Take the data below and repeat it exactly.

Information shown -
..........

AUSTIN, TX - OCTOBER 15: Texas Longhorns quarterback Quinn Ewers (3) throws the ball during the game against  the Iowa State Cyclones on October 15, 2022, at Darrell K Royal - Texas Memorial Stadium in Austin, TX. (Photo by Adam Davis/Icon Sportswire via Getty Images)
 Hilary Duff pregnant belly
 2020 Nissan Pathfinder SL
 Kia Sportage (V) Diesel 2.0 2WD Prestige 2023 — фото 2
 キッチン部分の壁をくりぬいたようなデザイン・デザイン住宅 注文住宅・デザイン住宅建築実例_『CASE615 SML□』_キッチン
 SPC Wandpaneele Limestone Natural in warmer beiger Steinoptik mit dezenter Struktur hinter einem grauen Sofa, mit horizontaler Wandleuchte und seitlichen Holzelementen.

..........

Your solution -
AUSTIN, TX - OCTOBER 15: Texas Longhorns quarterback Quinn Ewers (3) throws the ball during the game against  the Iowa State Cyclones on October 15, 2022, at Darrell K Royal - Texas Memorial Stadium in Austin, TX. (Photo by Adam Davis/Icon Sportswire via Getty Images)
 Hilary Duff pregnant belly
 2020 Nissan Pathfinder SL
 Kia Sportage (V) Diesel 2.0 2WD Prestige 2023 — фото 2
 キッチン部分の壁をくりぬいたようなデザイン・デザイン住宅 注文住宅・デザイン住宅建築実例_『CASE615 SML□』_キッチン
 SPC Wandpaneele Limestone Natural in warmer beiger Steinoptik mit dezenter Struktur hinter einem grauen Sofa, mit horizontaler Wandleuchte und seitlichen Holzelementen.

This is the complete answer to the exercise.